As with the supes, there’s a structural reason for Riordan’s indifference to the toll the strike is taking: In his case, it’s term limits, which mean he will not face the voters again. But even term limits cannot fully explain the cluelessness and callousness of the mayor’s insistence on completing his tour de France while L.A.’s poor were compelled to trudge across town. The problem, rather, is that the mayor has lost his political compass: attorney Bill Wardlaw. The rift between the mayor and his longtime consigliere, which began over Wardlaw’s refusal to support the mayoral candidacy of Steve Soboroff, whom Riordan is backing, is increasingly forcing the mayor to rely on his own political judgment. No more frightening scenario for Los Angeles is imaginable.
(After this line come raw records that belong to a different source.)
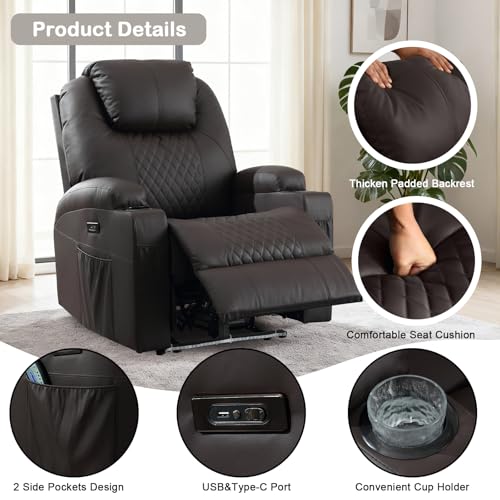 Power Recliner Chair with Heat and Massage for Adults - Home Theater Seating with LED Lights,Cup Holders,Side Pocket,USB Port - Recliner Sofa for Living Room (Brown, Single Recliner)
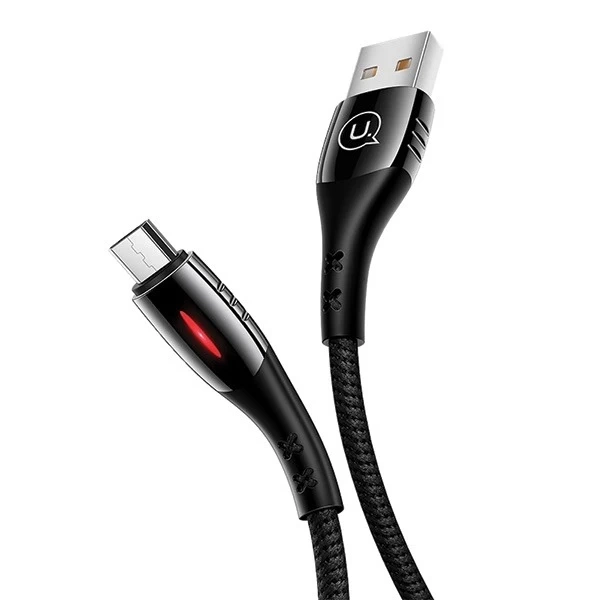 USAMS Geflochtenes Kabel U-Tone microUSB 1,2 m Abschaltung 2A Schnellladung schwarz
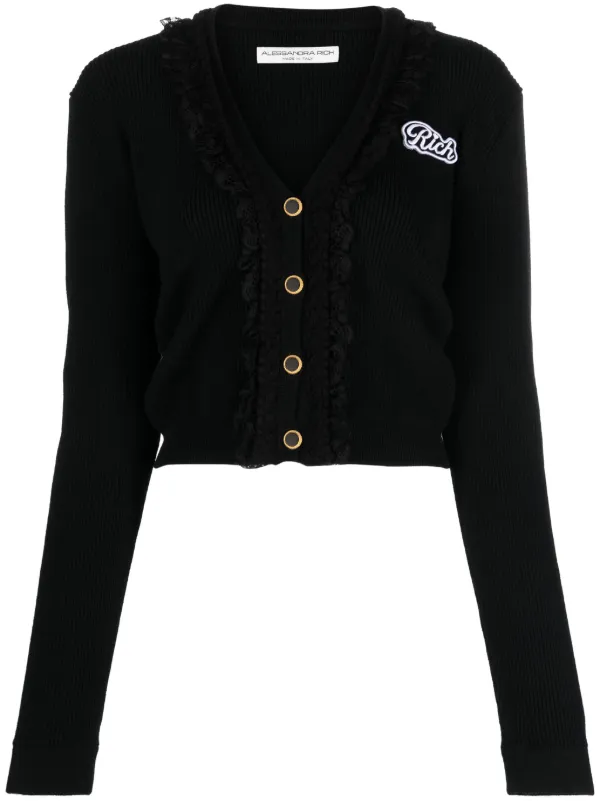 Alessandra Rich Rich Ribbed-knit Cardigan in Black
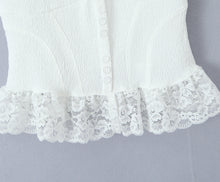 Load image into Gallery viewer, Lace Splicing Sling Vest Women Short Top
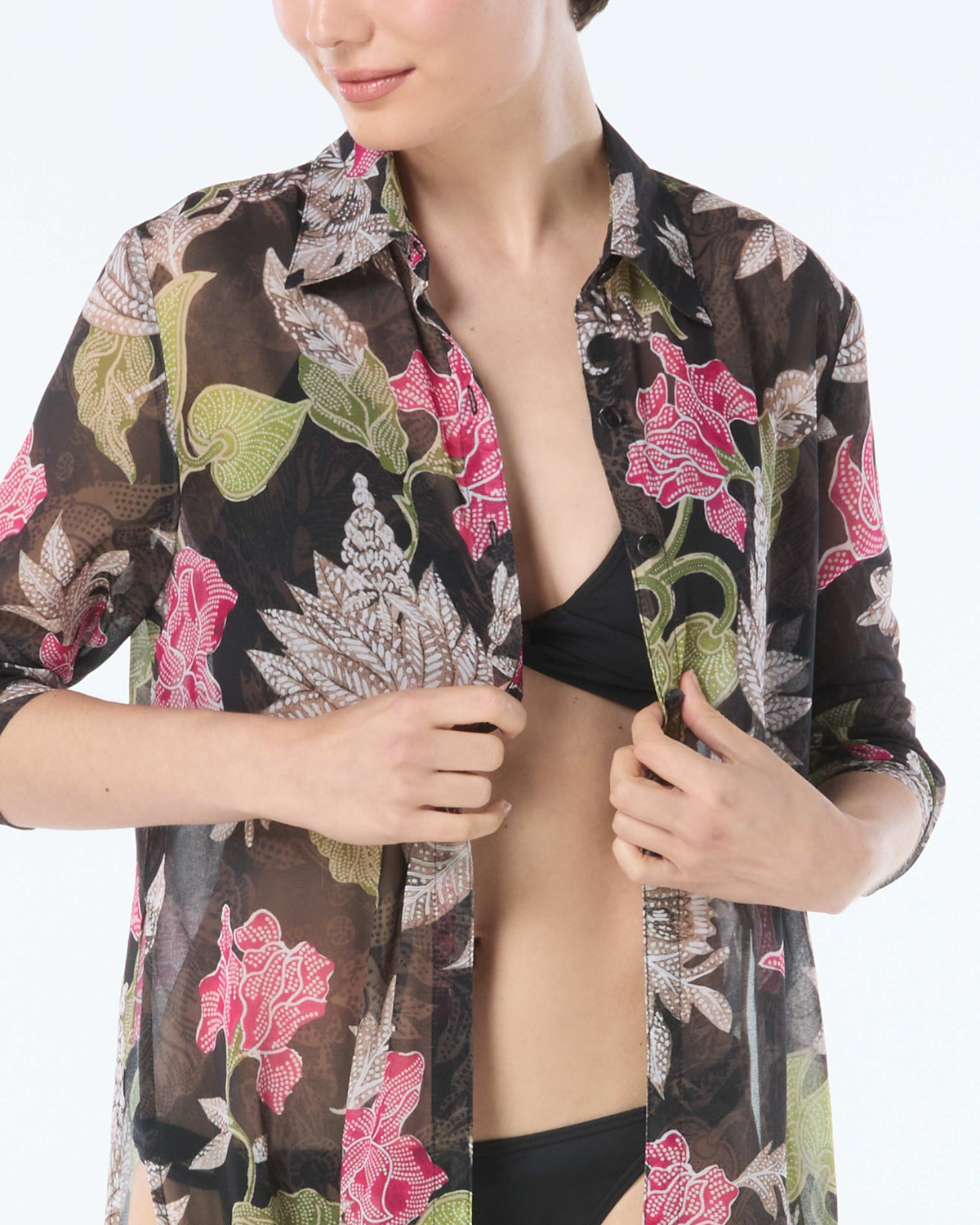 2025 Carmen Marc Valvo Samara Bloom Convertible Shirt Cover Up - C6n864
Compelled to think for himself, Riordan had already spent the past several months refusing to believe that the Justice Department would go through with its insistence on forcing the city to implement the Christopher Commission reforms that have languished for the past nine years. Compelled to think for himself, Riordan went into the transit talks evidently convinced he could force the union to make concessions, and without Wardlaw at his side, he had no back channel to Contreras to seek a settlement after his frontal assault had failed. The Riordan we’ve seen in the past couple of months is reminiscent of the Riordan who, in his pre-mayoral days, restructured Mattel by tossing hundreds of workers out of their jobs. We’re seeing Riordan without Wardlaw — a creature more of impulse than calculation, a public figure with no feel for public sentiment, a political leader who, left to his own devices, could never have been elected mayor.

For its part, the UTU seems at times as hapless as the mayor. It has gone into the strike having neglected to cultivate either political backing or community support (it is fortunate that the County Fed has both). It provided no numbers to refute management’s misleading claims about the district’s labor costs. In the end, all that the UTU members really have going for them is the public’s sense that Los Angeles shouldn’t be trying to diminish its already shrinking middle class by cutting the incomes of its bus drivers. That’s not much of a strategy, but it may be just enough for them to squeak by.